→ Data provided:
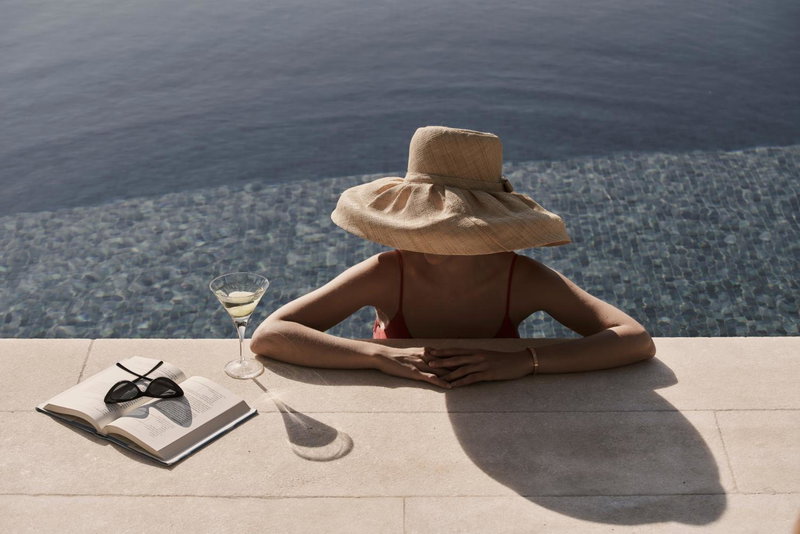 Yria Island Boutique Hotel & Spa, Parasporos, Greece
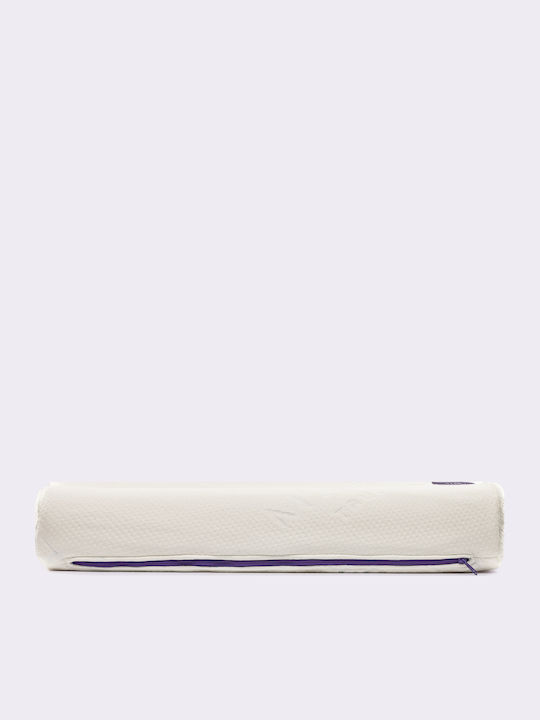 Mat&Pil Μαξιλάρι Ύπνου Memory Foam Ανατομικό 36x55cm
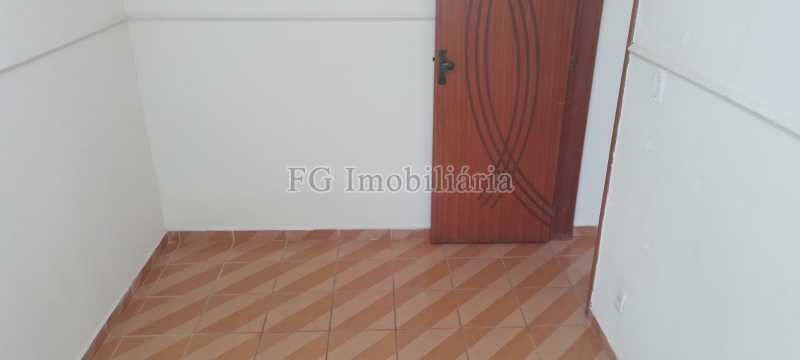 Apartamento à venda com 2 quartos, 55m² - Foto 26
...
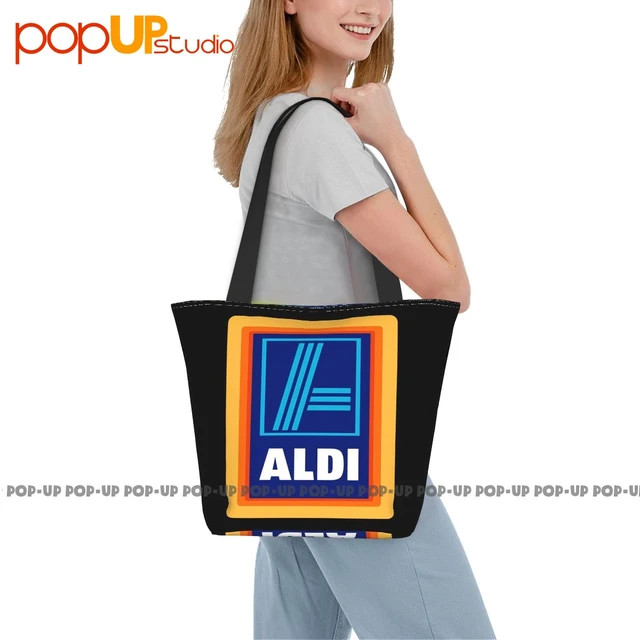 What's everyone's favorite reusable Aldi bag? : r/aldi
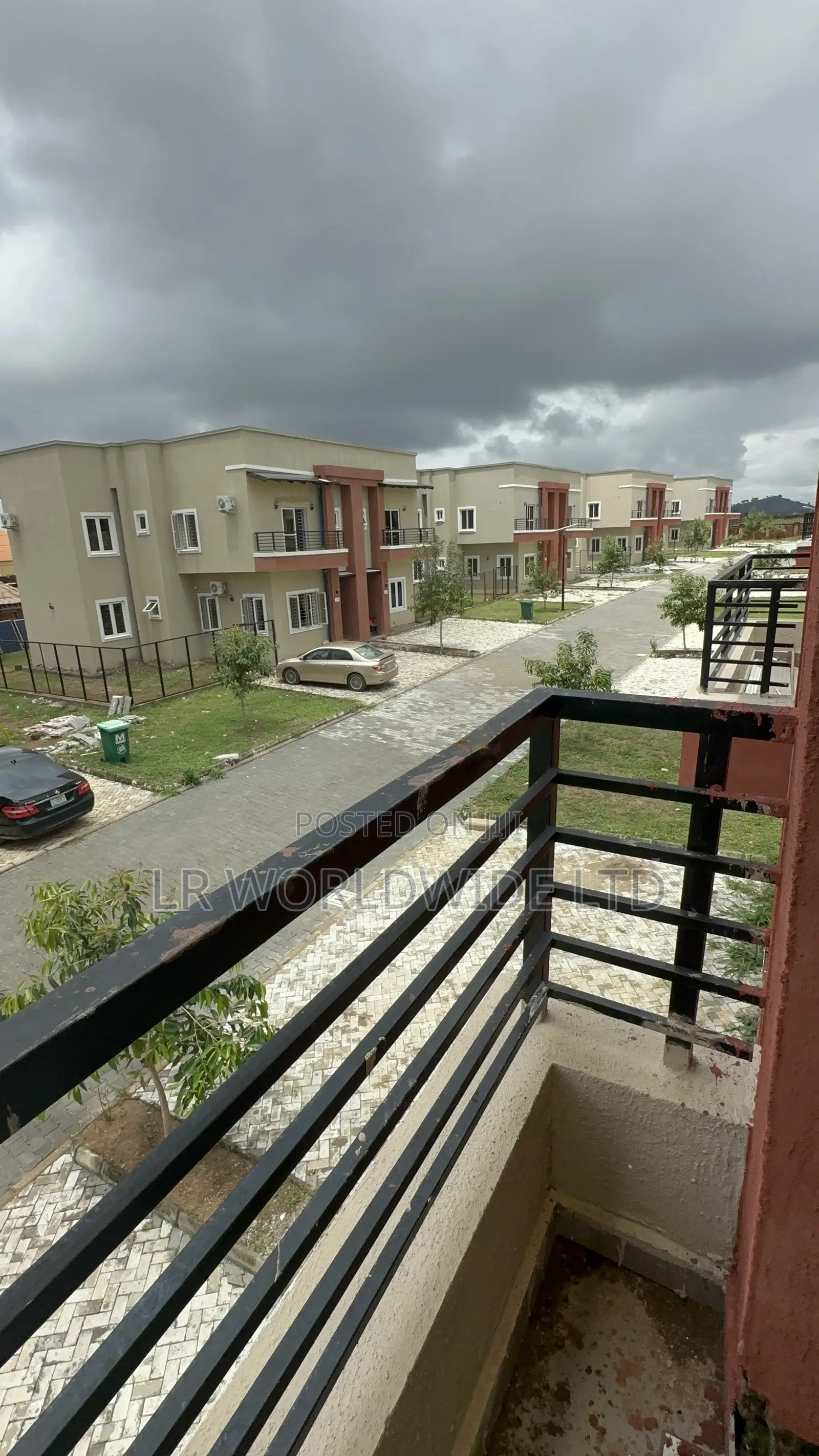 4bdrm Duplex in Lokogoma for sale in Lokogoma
==
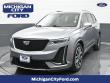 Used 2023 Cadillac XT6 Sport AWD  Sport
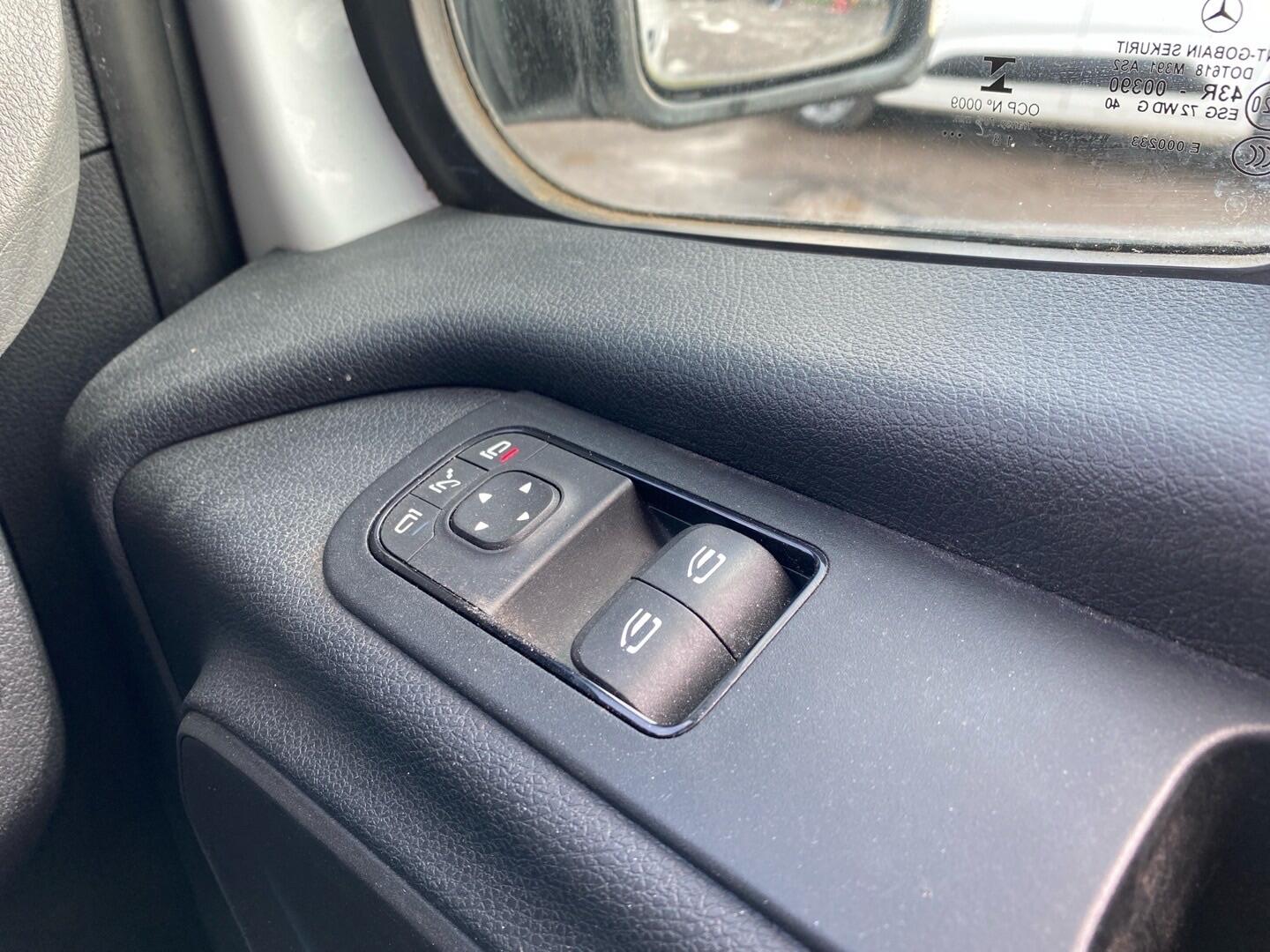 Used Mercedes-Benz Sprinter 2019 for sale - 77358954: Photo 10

→ Task details: The answer is those lines of the material above that run from the one containing "What's everyone's favorite" up to and including the one containing "4bdrm Duplex in", restated exactly and without images.

→ Answer:
 What's everyone's favorite reusable Aldi bag? : r/aldi
 4bdrm Duplex in Lokogoma for sale in Lokogoma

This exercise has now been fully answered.